Constitution – Art. 34.6.1 – Administration of justice Recusal application – Fair and impartial hearing – Pre-determined opinion – Bias

Facts: The defendants had filed the present application for requesting the Presiding Judge, honourable Mr. Justice Tony O'Connor that he should recuse himself from hearing the defendants” applications, which were due to be heard in the Chancery List. The defendants asserted that since the Presiding Judge had delivered a judgment in Farrell v. Petroysan [2016] IEHC 522, in relation to the ratification of an agent's authority retrospectively, there was a reasonable apprehension that the defendants would be denied fair and impartial hearing. The defendants contended that since they had raised a similar issue, their chances of making a successful challenge to bank's authority for giving retrospective effect to the appointment of a receiver were bleak.

Mr. Justice Tony O'Connor refused the defendants” application. The Presiding Judge held that he was bound to give an impartial hearing pursuant to art. 34.6.1 of the Constitution. The Presiding Judge further held that the composition of the judges who would sit in the Chancery List on the relevant date was unknown to both the Court and the litigants and thus, it was not appropriate that such pre-mature applications would influence the Court's composition. The Presiding Judge, following the judgment of the High Court of Australia in Ebner v Official Trustee in Bankruptcy [2000] HCA 63, held that the judges were mandated to carry out the judicial functions as per their jurisdiction and the selection of cases was independent of individual choices and the judges were not at liberty to decline to hear a case without good cause. The Presiding Judge assured the parties that he had not fully apprised himself of the full facts of the present case and there was no allegation of bias or potential pecuniary interest against him that could warrant the recusal. The Presiding Judge further held that as per the common law system of administration of justice, a High Court judge was not bound to follow the judgments of the other judges strictly and thus, the orders and judgments could vary depending upon the circumstance of each case.

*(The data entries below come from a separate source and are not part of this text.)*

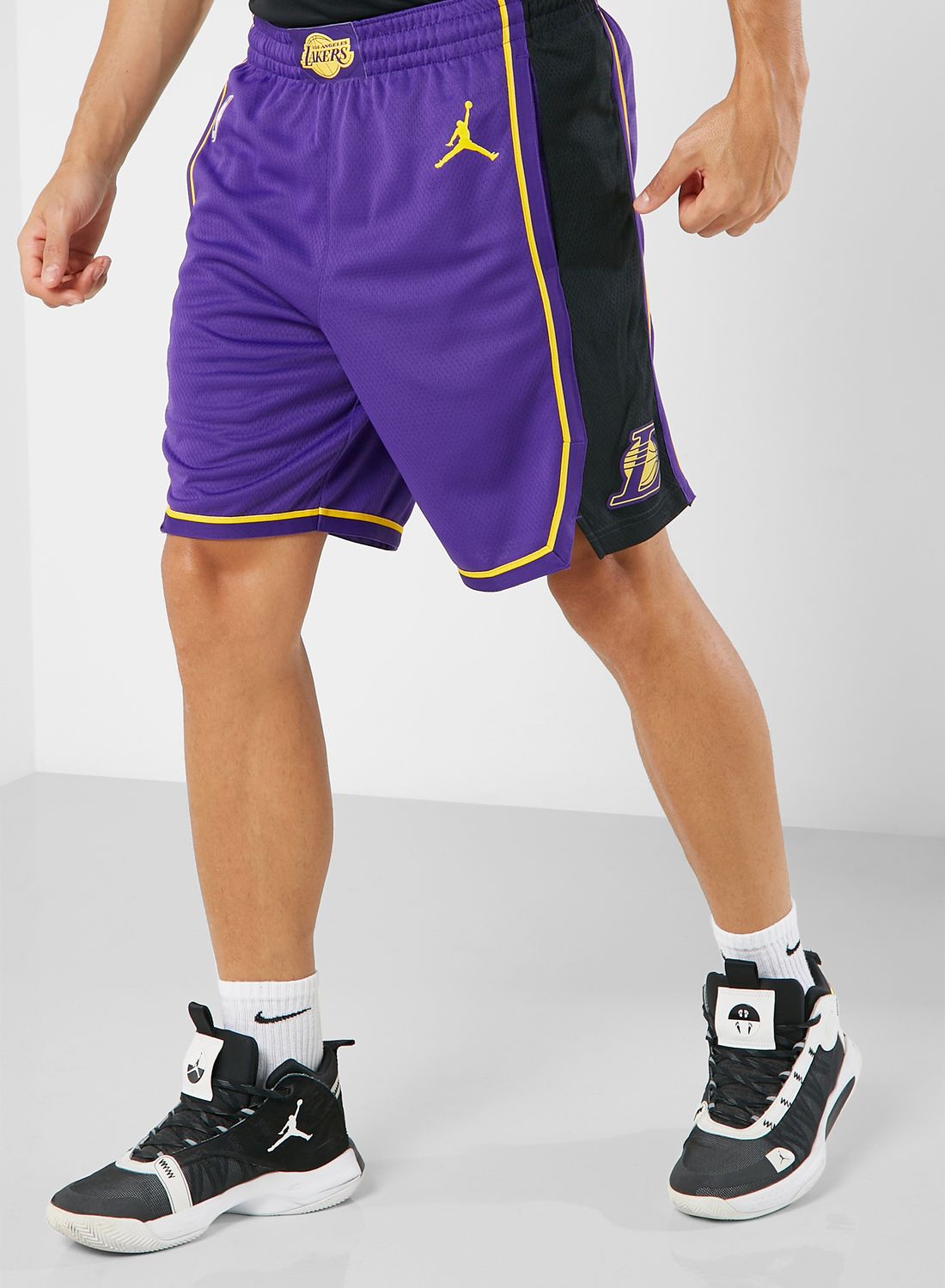 Jordan Men's Los Angeles Lakers NBA Statement Swingman Shorts
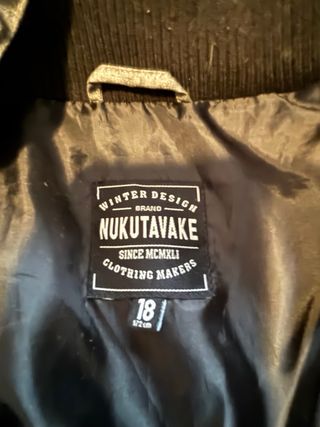 Chaquetón de invierno gris y negro. 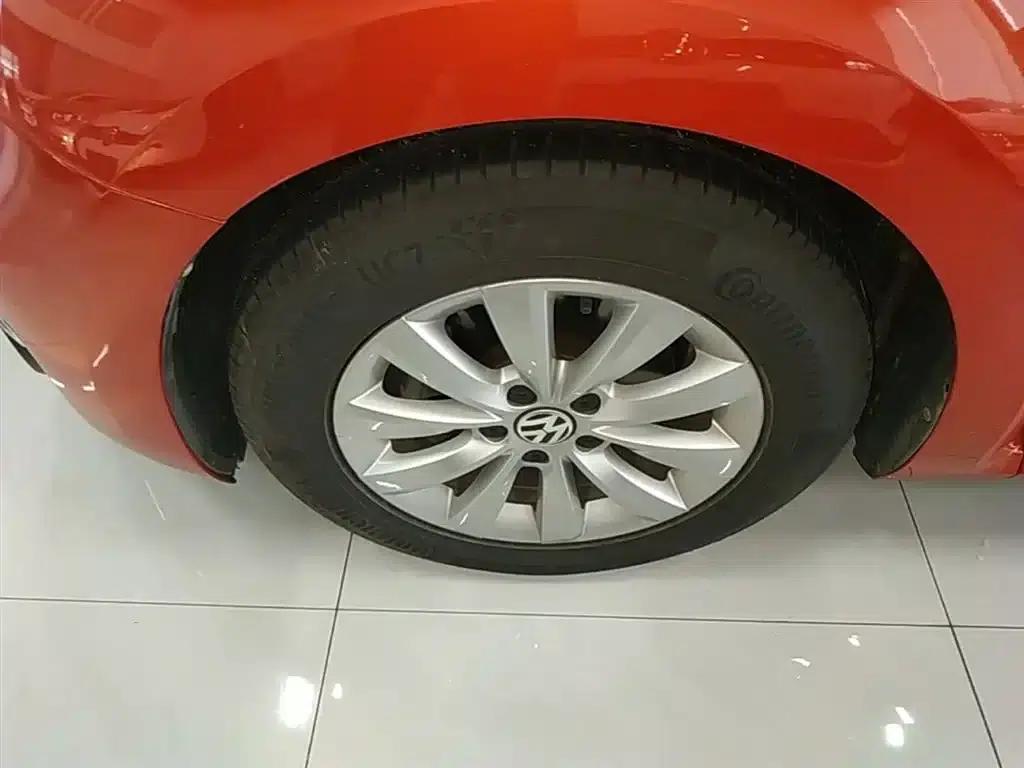 2017 Volkswagen Beetle 180TSI Comfort Edition — миниатюра 23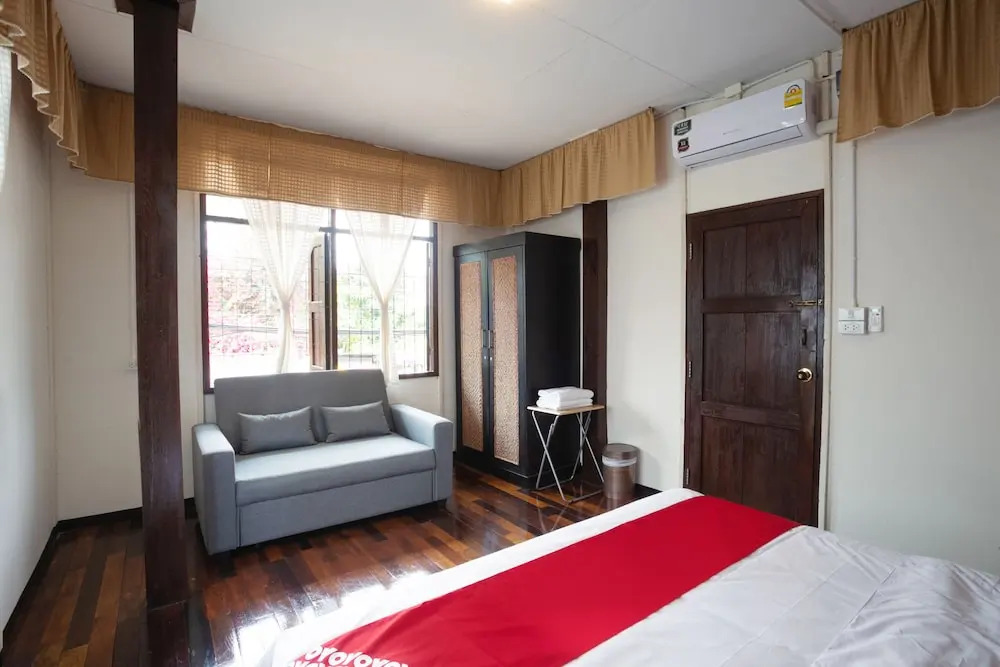 Oyo 708 All Red Hostel Chiang Mai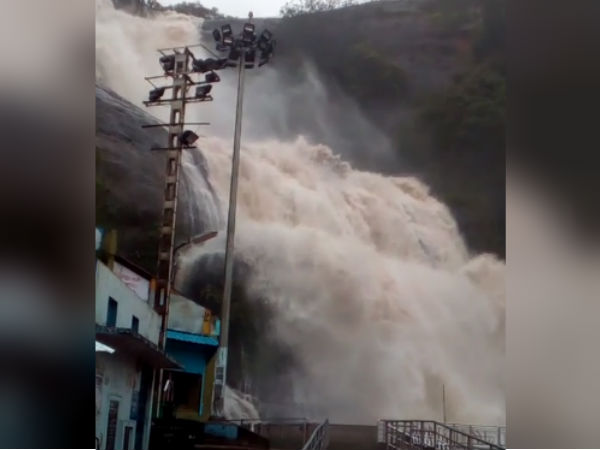 Heavy flood in Nellai Kuttralam falls: Electric post collapsed in main falls area Heavy flood in Nellai Kuttralam falls: Electric post collapsed in main falls area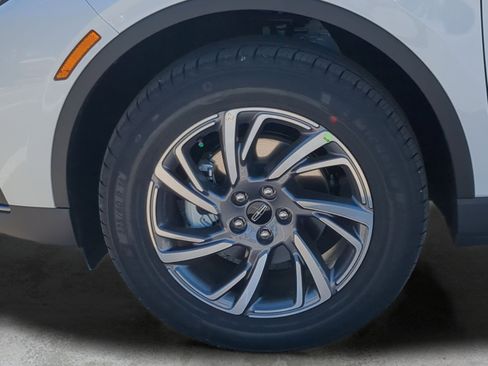 New 2026 Lincoln Corsair Premiere FWD image 9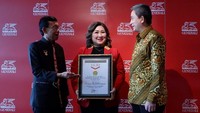 Thio Siu Lie berhasil mencetak Rekor MURI sebagai Agen yang meraih Top of The Table MDRT secara Berurutan Terlama. Rekor ini berhasil ia pecahkan karena prestasinya yang bisa mendapatkan gelar Top of The Table (TOT) dari Million Dollar Round Table selama 5 tahun berturut-turut sejak tahun 2017 hingga 2021.
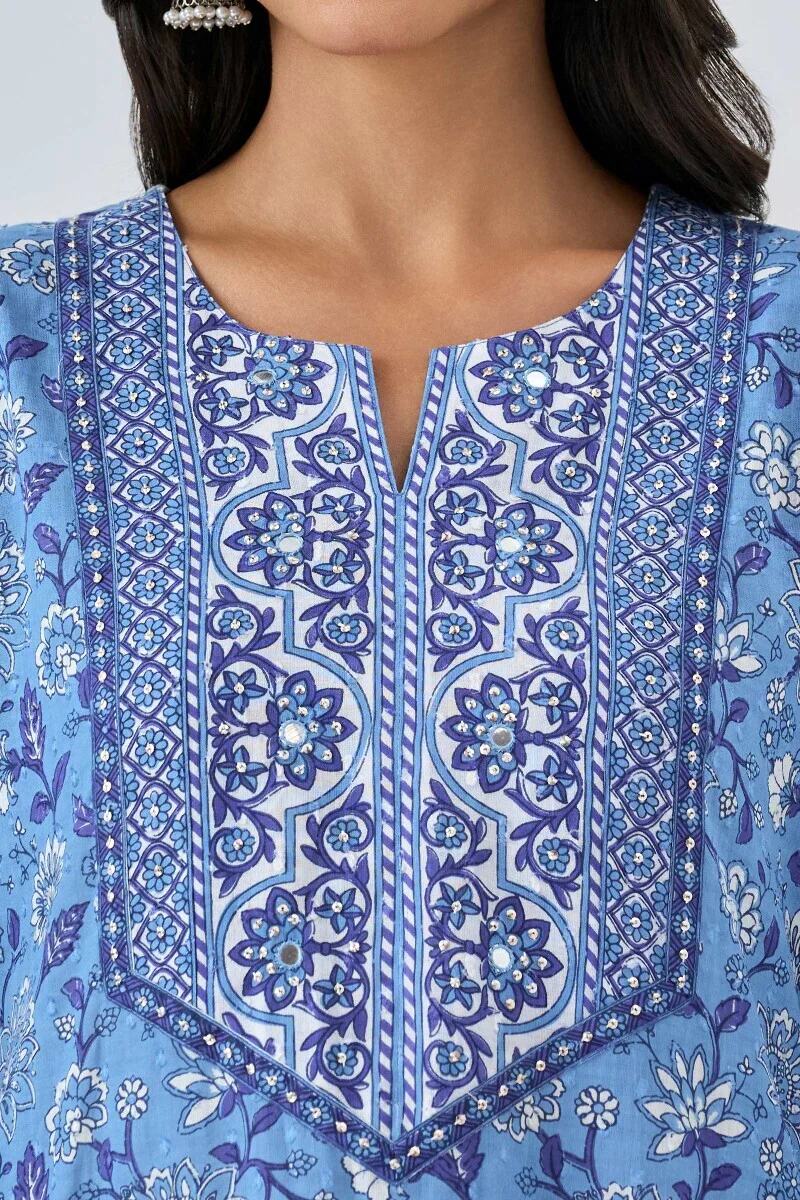 Surplus: Neelofar Mahira Sanganeri Kurta - Image 4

JUDGMENT of Mr. Justice Tony O'Connor delivered on the 17th day of February, 2017
Introduction
1

The defendants have requested that I recuse myself from hearing their applications pursuant to a Notice of Motion issued on 3rd June, 2016 seeking in terms which I abbreviate to the following:-

(i) a declaration that the deeds appointing the plaintiff as a receiver are invalid and have no legal effect;

(ii) an order striking out the plaintiff's action pursuant to O. 21(15) of the Rules of the Superior Courts (‘RSC’) which provides that where an action of the plaintiff is dismissed, the defendants counter claim may still proceed;

(iii) an order for an inquiry as to costs and losses pursuant to O. 33(2) of the RSC which allows the Court at any stage to direct inquiries or accounts to be taken;

(iv) a declaration that the plaintiff was at all material times the agent of ACC Loan Management Limited (‘ACC’);

(v) an order granting the defendants liberty to bring a counter claim against the plaintiff ‘and \ or his appointing bank’ (ACC) pursuant to O. 19(2) of the RSC (which concerns a set-off) and O. 24(2) of the RSC (which concerns a ground of defence arising pending an action).

2

The applications of the defendants are due to be heard on 8th March, 2017 in the Chancery List.

3

I am one of a number of judges assigned to hear applications and cases in the Chancery List for Hilary Term, 2017. Gilligan J. who is the ‘judge in charge’ of the Chancery List has already refused the defendants' application to recuse himself in an ex tempore judgment delivered on 1st February, 2017. That application was grounded upon the same Notice of Motion issued on 20th December, 2016 which is relied upon by the defendants in this recusal application.

4

The judge who is the subject of a recusal application initially determines whether he or she should recuse himself or herself. There is of course a right of appeal and such an appeal most recently occurred in O'Driscoll v. Hurley and Health Service Executive [2016] IESC 32. There, the Supreme Court determined an appeal by the appellant in the Court of Appeal who was unsuccessful in an application for one of the appeal court judges to recuse herself on the grounds of objective bias.

Grounds for refusal
5

The first named defendant in his affidavit sworn on 20th December, 2016 averred that the plaintiff has an ‘ unfair and decisive’ advantage due to the determination in my judgment delivered on 2nd March, 2016 in Farrell v. Petroysan [2016] IEHC 522 (‘the Petroysan judgment’).

Apprehension
6

The first named defendant averred to his ‘ strong apprehension’ that both Gilligan J. and I ‘ have pre-judged the effect of the McCleary v. McPhillips judgment [2015] IEHC 591’ due to the judgment of Gilligan J. in Fennell v. Gilroy ( ex tempore judgment of 20th April, 2016) which mentioned the Petroysan judgment in the context of the ratification of an agent's authority retrospectively.

ACC
7

Mr. Maher, solicitor for the defendants, submitted that the...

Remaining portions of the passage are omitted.